Gabrielle (Léa Seydoux) is a reluctant participant, but yearning for a better life, she agrees to undergo the process. In 1910, she finds herself in Paris and married to a wealthy dollmaker, but she soon embarks upon an intense affair with Louis (George Mackay), who she feels she has met before. In 2014, she’s a struggling actress housesitting in LA, and Louis is an incel who sets his dangerous sights on her. She catches up with Louis again when she’s back in 2044, and he’s another human struggling with the same process as her. In whatever timeline they’re in, despite their evident attraction, their relationship is haunted by the inescapable spectre of doom.
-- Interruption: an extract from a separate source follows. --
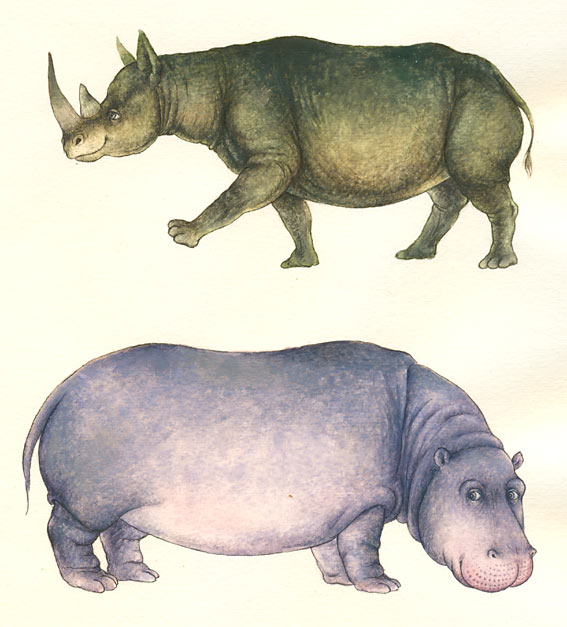 Носорог и бегемот.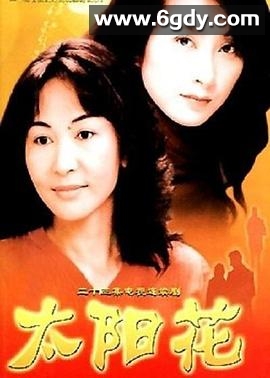 太阳花2004(2004)完结已完结迅雷网盘全集下载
The Beast – written and directed by Bertrand Bonello, and loosely based on the Henry James short story The Beast in the Jungle  – is a wildly ambitious movie, dizzying in the scale of its ideas. Yet there’s a pinpoint precision to the way it conjures up the shadow of existential dread that follows Gabrielle everywhere she goes, and will feel mighty familiar to anyone who’s ever battled anxiety. Although the film is set up as a science fiction, prominent threads about Incel culture and the rise of AI ground it very much in our current lived reality (Bonello actually started the screenplay in 2017, and was himself surprised at how timely it would turn out to be).

Throughout the movie, and across the three timelines, there are recurring motifs that give The Beast a puzzle box quality that is in turns fun and disturbing in a distinctly Lynchian manner. Pigeons are omens of death. Dolls appear in various guises – sentient and not. Snatches of dialogue are repeated, and recontextualised. Clairvoyants are always close at hand. Despite its skipping back and forth through time and genre, these motifs help keep together a movie that could so easily have been unwieldy, or even incomprehensible. Even in the wildest moments, it never seems as if Bonello has lost control.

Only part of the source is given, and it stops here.